Erik Naggum (1965 – 2009)
Lisp programmer.
… so as long as you do The Right Thing and forget how you would do it in C, you should be able to get a good grip on this.
Look at Unix. It was essentially open source before anyone invented the term, and that caused a large number of ways to solve the same problem and left the market to sort them out, which they didn't (the market never will sort out bad quality in anything but the single most important property of the products), and Unix got itself into a position where some horribly demented crapware from Microsoft could compete with it and fool a whole bunch of people for a while.
Rewarding incompetence and ignorance increases the number of incompetent programmers. Designing programming languages and tools so incompetent programmers can feel better about themselves is not the way to go.

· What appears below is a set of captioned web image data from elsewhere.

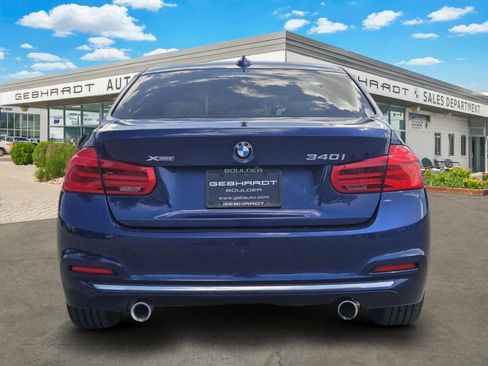 Used 2018 BMW 340i xDrive Sedan w/ Premium Package AWD/4WD image 6
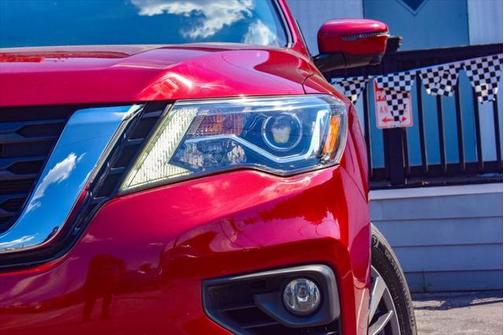 2020 Nissan Pathfinder SL 4WD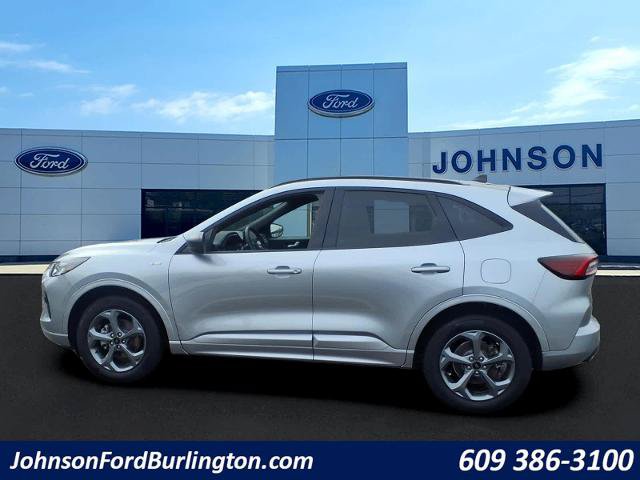 Certified 2023 Ford Escape ST-Line w/ Tech Pack #1 AWD/4WD image 6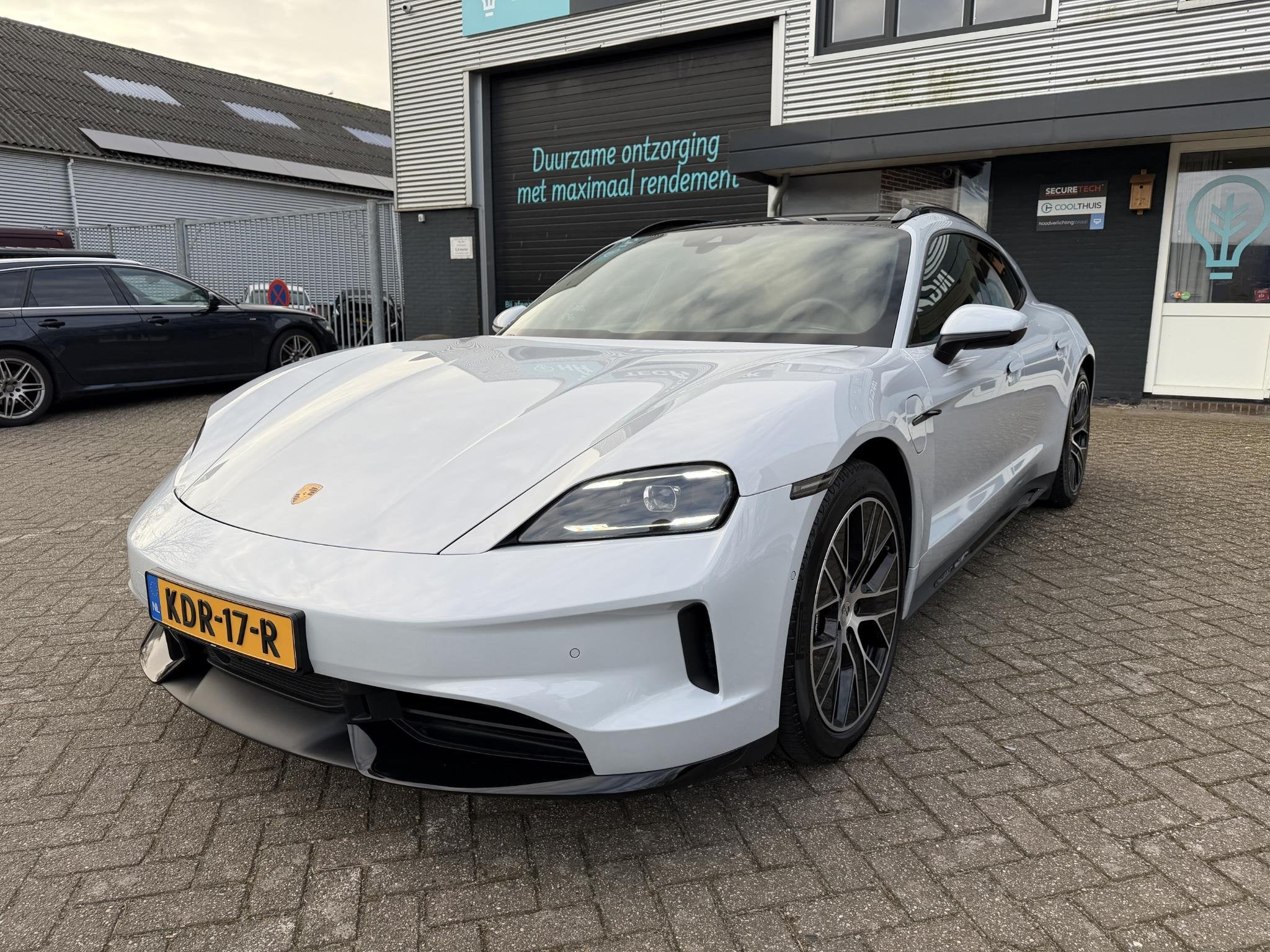 Foto 20 van Porsche Taycan Sport Turismo Black Edition 105 kWh luchtveri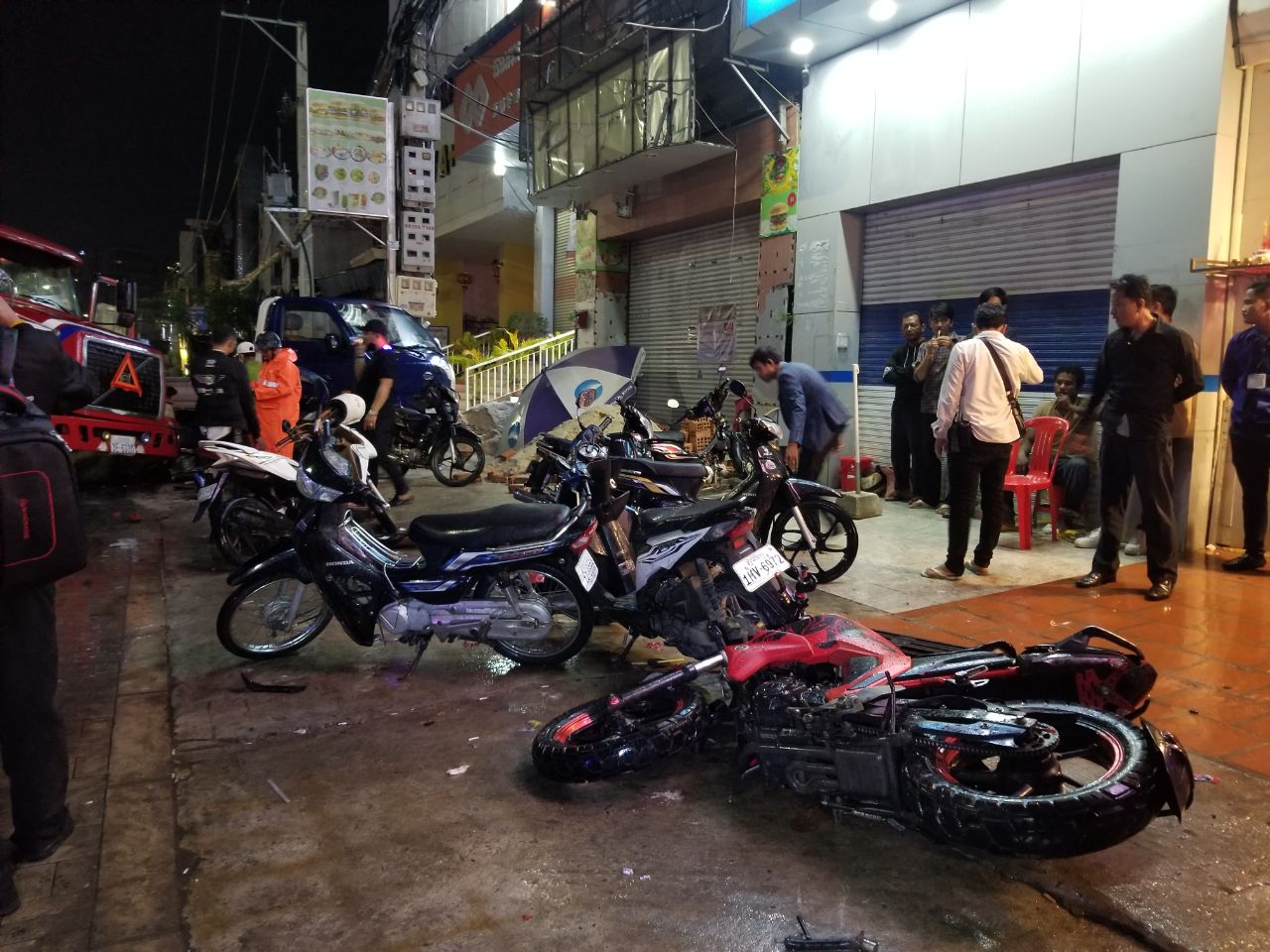 រថយន្តកុងតឺន័របើកគេចពីរថយន្តកូរ៉េ ដែលបុកបង្គោលភ្លើង ក៏ជ្រុលទៅបុករះម៉ូតូនិងរថយន្តជាង ១០គ្រឿងចតមុខKTVរងការខូចខាតយ៉ាងដំណំ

In C++, reinvention is its own reward.
Unfortunately, nigh the whole world is now duped into thinking that silly fill-in forms on web pages is the way to do user interfaces.
Suppose we blasted all politicians into space. Would the SETI project find even one of them?
The only important property of evils of the past is that they not be repeated in the future, in any way, shape, or form.
The very word "exist" derives from "to step forth, to stand out".
Life is hard, and then you die.
This is your brain. This is Perl. This is your brain on Perl. Any questions?
Once we were Programmers. Maybe our last best hope is a movie.
Common Lisp is a big-city language. Spit out the hayseed, pronounce "shit" with one syllable and "shotgun" with two. You're not in Kansas, anymore. C is the language of the poor farmer village where the allocation of every seed and livestock matters, where taxes are low and public service non-existent. Appreciating the value of a large language is evidently hard for many people, just like many people find themselves miserable in the big city and go to great lengths to create a small village for themselves in the city where everything is like it used to be where they came from.
People search for the meaning of life, but this is the easy question: we are born into a world that presents us with many millenia of collected knowledge and information, and all our predecessors ask of us is that we not waste our brief life ignoring the past only to rediscover or reinvent its lessons badly.
The secret to feeling great about yourself is not to be found in searching for people who are less than you and then show yourself superior to them, but in searching for people who are more than you and then show yourself worthy of their company.
The novice-friendly software is more like a misbehaving dog: it shits on the floor, it destroys things, and stinks – the novice-friendly software embodies the opposite of what computer people have dreamed of for decades: artificial stupidity. It's more human.
It's not that Perl programmers are idiots, it's that the language rewards idiotic behavior in a way that no other language or tool has ever done.
Like many older fans of Free Software and Open Source, I have discovered that it is really only free in the sense that the time you spend on it is worthless.
Elegance is necessarily unnatural, only achieveable at great expense. If you just do something, it won't be elegant, but if you do it and then see what might be more elegant, and do it again, you might, after an unknown number of iterations, get something that is very elegant.
If car manufacturers made cars according to spec the same way software vendors make software according to spec, all five wheels would be of widely differing sizes, it would take one person to steer and another to work the pedals and yet another to operate the user-friendly menu-driven dashboard, and if it would not drive straight ahead without a lot of effort, civil engineers would respond by building spiraling roads around each city.